Le pédopiégeage, ce fléau d’internet combattu à Fribourg

Demande d’images, de vidéos, voire de rencontres. En ligne, de nombreux adultes traquent et manipulent des mineurs pour obtenir des faveurs sexuelles. Certaines victimes en ressortent profondément marquées. La police fribourgeoise, qui lutte contre ce fléau, déplore leur silence. Enquête.

Les pédophiles sont très actifs sur internet et ses nombreuses plateformes. © Jean-Baptiste Morel - prétexte

18 décembre 2023 à 18:35

Temps de lecture : 1 min

Léo* a 14 ans lorsqu’il rencontre une fille sur la plate-forme de chat Omegle. Au sein de sa famille évangélique, la sexualité est taboue. Le plus souvent, il la refoule. Mais pas ce soir-là. Excité à l’idée de flirter avec elle, il converse longuement, avant de la retrouver en visuel sur Skype. «Je me retrouve face à une jeune femme. Elle commence à enlever son tee-shirt et me demande de me déshabiller.» Il s’exécute naïvement. «Soudain, l’écran devient noir et les menaces commencent. J’entends d’abord une voix d’homme qui me demande 500 euros et menace d’envoyer ces images de moi à BFM TV. Puis, sa caméra s’active et je découvre un vieux monsieur qui se masturbe.»

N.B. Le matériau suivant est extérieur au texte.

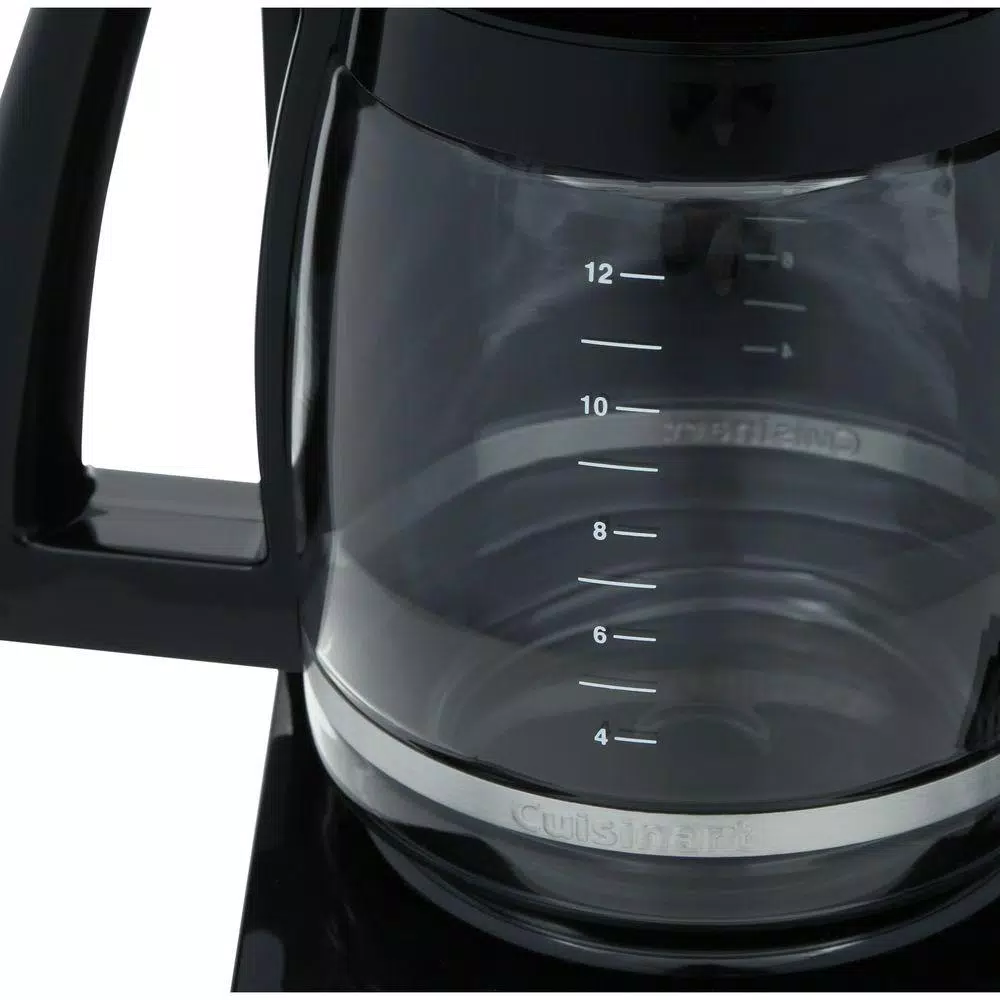 Cuisinart COFFEE PLUS 12-Cup Black Drip Coffee Maker with Programmable Timer and Hot Water System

Rapidement, Léo coupe court à la conversation. Aujourd’hui encore, le Vaudois de 24 ans ne sait pas ce que cherchait réellement l’homme derrière ce rapide chantage. «Mais je vis depuis avec la pensée qu’une vidéo de moi, nu, circule peut-être sur des sites pédos.» Quelques jours après notre rencontre avec Léo, le site Omegle a justement fermé, accusé de faire le lien entre pédophiles et enfants.

De nombreux jeunes abusés en ligne

Même très jeune, recevoir des photographies et des vidéos à caractère sexuel sur la Toile est courant. Pire, selon une étude de l’Université des sciences appliquées de Zurich, 41% des 14-15 ans, majoritairement des filles, ont déjà été abordés en ligne par un étranger avec des intentions sexuelles indésirables.

Expérience récemment tentée par Mélissa Afsin, du média jeune public de la RTS «Tataki». Pour un reportage, la créatrice de contenu s’est mise dans la peau d’une adolescente sur un site de rencontre pour les 13-25 ans libre d’accès pour les jeunes francophones. Résultat: en se faisant passer pour une enfant de 14 ans, elle a reçu en quelques minutes plusieurs demandes sexuelles de la part d’adultes et des photos de pénis.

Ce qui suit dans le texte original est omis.